■ **DATA SUPPLIED**
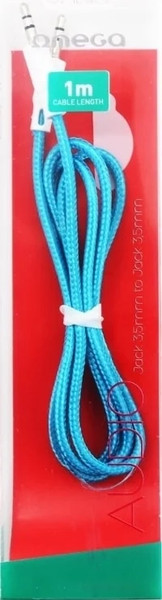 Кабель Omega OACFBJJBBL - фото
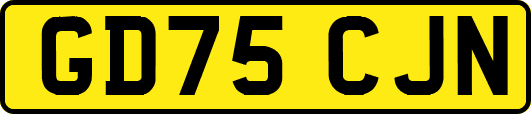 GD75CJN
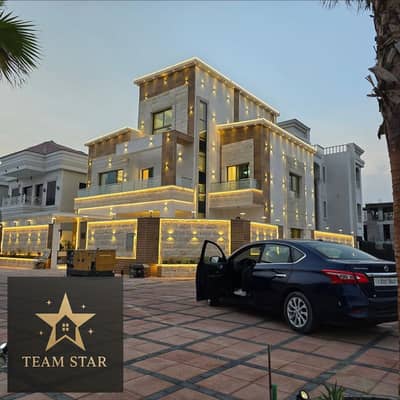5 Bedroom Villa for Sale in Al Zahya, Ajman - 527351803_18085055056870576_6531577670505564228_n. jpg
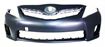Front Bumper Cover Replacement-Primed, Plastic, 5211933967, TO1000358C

...

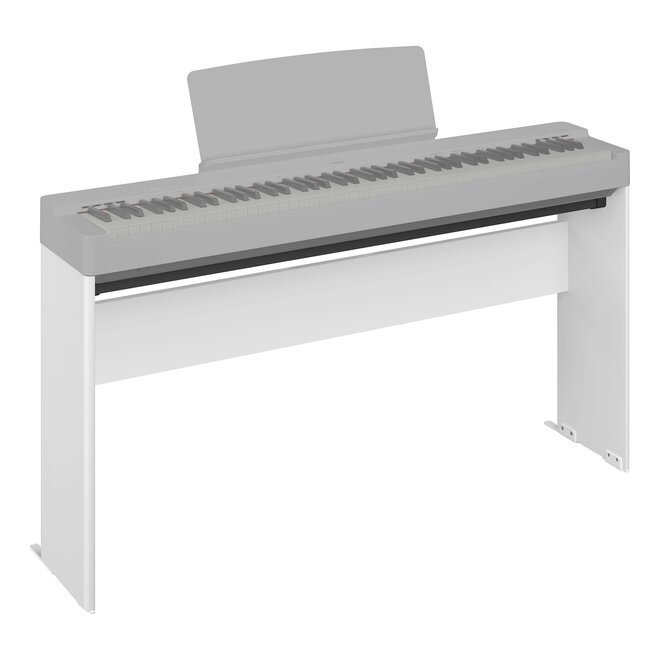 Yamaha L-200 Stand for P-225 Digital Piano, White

■ **ABOUT THIS TASK**
Your answer should consist of the lines above between those holding "Кабель Omega OACFBJJBBL - фото" and "Front Bumper Cover", inclusive, reproduced word for word and without pictures.

■ **TASK ANSWER**
 Кабель Omega OACFBJJBBL - фото
 GD75CJN
5 Bedroom Villa for Sale in Al Zahya, Ajman - 527351803_18085055056870576_6531577670505564228_n. jpg
Front Bumper Cover Replacement-Primed, Plastic, 5211933967, TO1000358C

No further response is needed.